A new grid technology is to go on trial in London in a project that could “redefine how the electricity grid works”.
Scotland-based company Faraday Grid has signed a deal with British distribution network operator UK Power Networks for it to trial its potentially ground-breaking technology, also called Faraday Grid.
Ian Cameron, head of innovation at UK Power Networks, said he recognised that “Faraday’s technology has the potential to be transformational for distribution networks and the wider energy system”.
The Faraday Grid is an autonomous, self-balancing network installed within an existing electricity grid. It comprises a network of independent autonomous hardware devices called Faraday Exchangers which operate in isolation and are independent of any central network management. As such, the exchanger is designed to replace the function of existing electricity network infrastructure such as transformers, converters, inverters and rectifiers.

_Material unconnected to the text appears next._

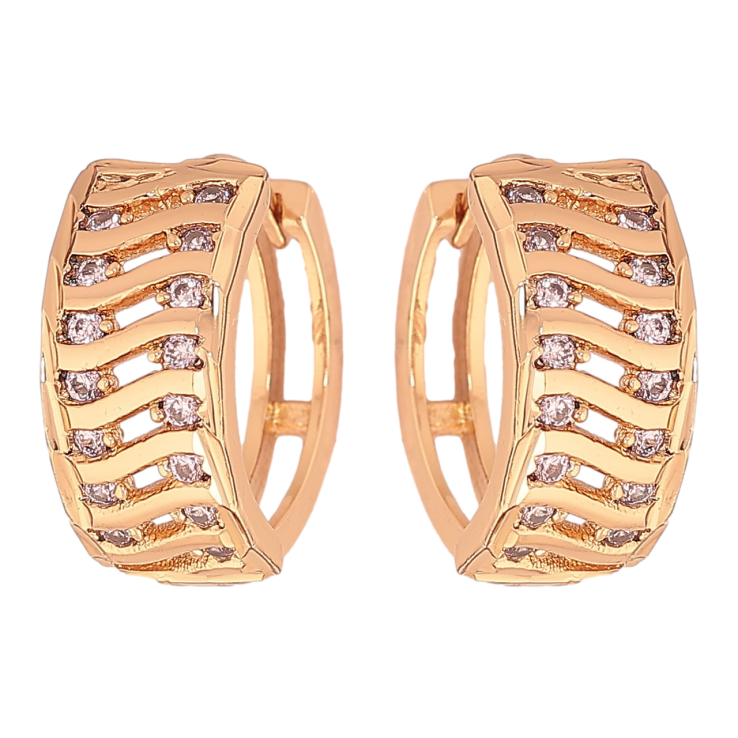 Сережки Xuping Позолота РВ колечка «Різьблений візерунок з кристалами» фото №6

Faraday Grid says its technology “is designed to automatically smooth the intermittency and volatility of renewable generation and new demands like electric vehicles, and reduce the need for backup generation and balancing services. Implemented at scale, it has the potential to double the amount of renewable generation a grid can carry.”
Faraday founder and chief executive Andrew Scobie said: “Energy systems around the world are going through unprecedented change to meet increasing demand for electricity in a sustainable way. Renewable energy has a critical role to play and it is crucial it is delivered at the lowest cost, so that the transformative benefits of electricity can continue to be enjoyed by all. The Faraday Grid is specifically designed to ensure energy systems are equipped to meet society’s need for affordable, secure and clean energy long into the future.”
He added that the project with UKPN “could redefine how the electricity grid works. The project aims to demonstrate how a Faraday Grid will create a smart, flexible electricity system that increases the capacity to deliver more renewable energy, such as wind and solar power at a lower cost to consumers.”
Cameron of UKPN added: “The technology is aligned to our ambition to become an energy platform business. We are delighted to be the company’s lead UK partner for testing and demonstrating its impacts in a distribution network.”